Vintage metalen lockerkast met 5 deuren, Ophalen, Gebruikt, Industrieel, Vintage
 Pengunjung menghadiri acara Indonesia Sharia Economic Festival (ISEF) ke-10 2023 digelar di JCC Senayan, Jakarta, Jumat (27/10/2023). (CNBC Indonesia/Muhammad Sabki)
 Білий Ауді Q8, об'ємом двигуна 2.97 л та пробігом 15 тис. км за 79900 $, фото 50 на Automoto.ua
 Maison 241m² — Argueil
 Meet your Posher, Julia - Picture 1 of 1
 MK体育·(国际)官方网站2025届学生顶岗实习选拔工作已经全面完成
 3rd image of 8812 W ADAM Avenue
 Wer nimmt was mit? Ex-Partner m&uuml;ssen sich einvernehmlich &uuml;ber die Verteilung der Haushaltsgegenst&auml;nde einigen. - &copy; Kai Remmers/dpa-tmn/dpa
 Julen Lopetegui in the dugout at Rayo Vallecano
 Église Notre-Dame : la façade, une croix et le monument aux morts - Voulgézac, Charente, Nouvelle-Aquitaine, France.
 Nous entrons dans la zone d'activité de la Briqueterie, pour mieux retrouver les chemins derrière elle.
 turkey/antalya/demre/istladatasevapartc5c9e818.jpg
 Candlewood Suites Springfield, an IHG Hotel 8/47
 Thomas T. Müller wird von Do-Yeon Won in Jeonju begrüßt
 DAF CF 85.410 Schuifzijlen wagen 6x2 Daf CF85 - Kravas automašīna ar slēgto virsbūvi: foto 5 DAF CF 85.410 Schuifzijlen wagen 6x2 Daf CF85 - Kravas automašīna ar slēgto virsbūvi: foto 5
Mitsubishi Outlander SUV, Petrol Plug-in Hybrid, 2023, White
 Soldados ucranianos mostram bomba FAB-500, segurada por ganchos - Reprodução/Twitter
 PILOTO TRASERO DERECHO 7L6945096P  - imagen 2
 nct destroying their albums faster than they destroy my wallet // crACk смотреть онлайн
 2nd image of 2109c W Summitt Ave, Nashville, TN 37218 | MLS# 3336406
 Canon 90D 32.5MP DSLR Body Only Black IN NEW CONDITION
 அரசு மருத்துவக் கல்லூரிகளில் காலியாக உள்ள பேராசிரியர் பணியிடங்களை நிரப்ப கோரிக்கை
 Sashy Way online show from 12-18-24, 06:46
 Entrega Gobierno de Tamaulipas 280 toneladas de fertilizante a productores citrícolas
__________
*TASK:*
From the opening line of the data above through the line that contains "MK体育·(国际)官方网站2025届学生顶岗实习选拔工作已经全面完成", please print each line as it stands and only those lines.

*REPLY TO THE EXERCISE:*
Vintage metalen lockerkast met 5 deuren, Ophalen, Gebruikt, Industrieel, Vintage
 Pengunjung menghadiri acara Indonesia Sharia Economic Festival (ISEF) ke-10 2023 digelar di JCC Senayan, Jakarta, Jumat (27/10/2023). (CNBC Indonesia/Muhammad Sabki)
 Білий Ауді Q8, об'ємом двигуна 2.97 л та пробігом 15 тис. км за 79900 $, фото 50 на Automoto.ua
 Maison 241m² — Argueil
 Meet your Posher, Julia - Picture 1 of 1
 MK体育·(国际)官方网站2025届学生顶岗实习选拔工作已经全面完成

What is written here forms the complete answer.